Letters to Clark County
The Guardian, the British newspaper, has started a campaign to get their readers to write to voters in Clark County, OH, and requesting them to vote Bush out of office. So far 14,000 people have signed up for the newspaper’s program, requesting the name and address of a Clark County voter. Clark County is one of the most evenly divided counties in the battleground state of Ohio.
The Guardian’s reasoning is that since the rest of the world is greatly affected by America’s foreign policy, this is a chance for citizens of other countries to exert some influence – not a vote, just a small effect – on the American election.

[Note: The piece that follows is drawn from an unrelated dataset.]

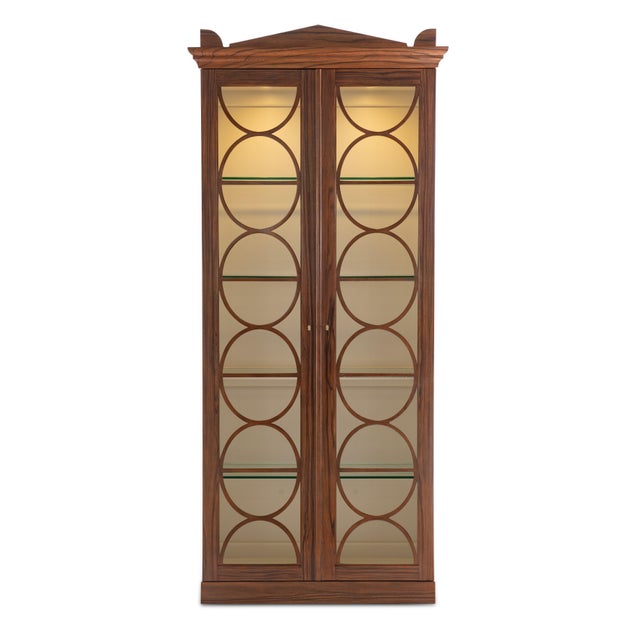 Traditional Maitland-Smith Esme Curio For Sale - Image 3 of 7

Some Americans have written furious letters to the Guardian, protesting (in language that would make Howard Stern blush) this “interference” in American politics, calling the Guardian staff all kinds of expletives and ethnic slurs. The irony here is overwhelming. During the past half century, the United States has financed terrorist organizations (the Nicaraguan “Contras” during the 1980s), and overthrown duly elected governments in Chile (1973), Iran and Guatemala (the 1950s). The Iraq debacle is only the latest chapter in the American government’s insatiable desire to pull the strings of the world.
There are 3 possible reasons for the furious xenophobic reaction of “patriotic” Americans to the Guardian’s campaign:
1. These “patriots” are unaware of the American government’s frequent hand-picking of foreign governments during the last half century, and they’d be properly infuriated if they knew.
2. These letter-writers know of American efforts to control the world, and they find this every bit as infuriating as the Guardian’s campaign to contact Ohio voters.
3. The letter-writers are well aware of the American government’s history of hand-picking and overthrowing foreign leaders, and this is perfectly all right. We’re number one; what’re you gonna do about it?! But don’t you dare try to exert the tiniest influence on our government, you lowly foreign %*&%*!
Judging by the tone and language of these letters (and the IQ that this indicates), I’m gonna go with reason number 3.
I can’t help wondering if these letter-writers have half this much fury at the hijacking of our government by Big Business. Think a little: which is more intrusive? a) a CEO purchases the election with a 7-figure bribe, er, uh, I mean “campaign contribution;” or b) some foreign citizens write letters to voters of one county, asking them to think about the hazards of electing Bush.
There are valid reasons that Bush is hugely unpopular all over the world (there’ll be more columns on this; jeez, this subject could fill an encyclopedia). With millions of foreign citizens being affected (and feeling threatened) by Bush’s actions, it’s inevitable that some of these citizens are going to look for a way to influence the American election.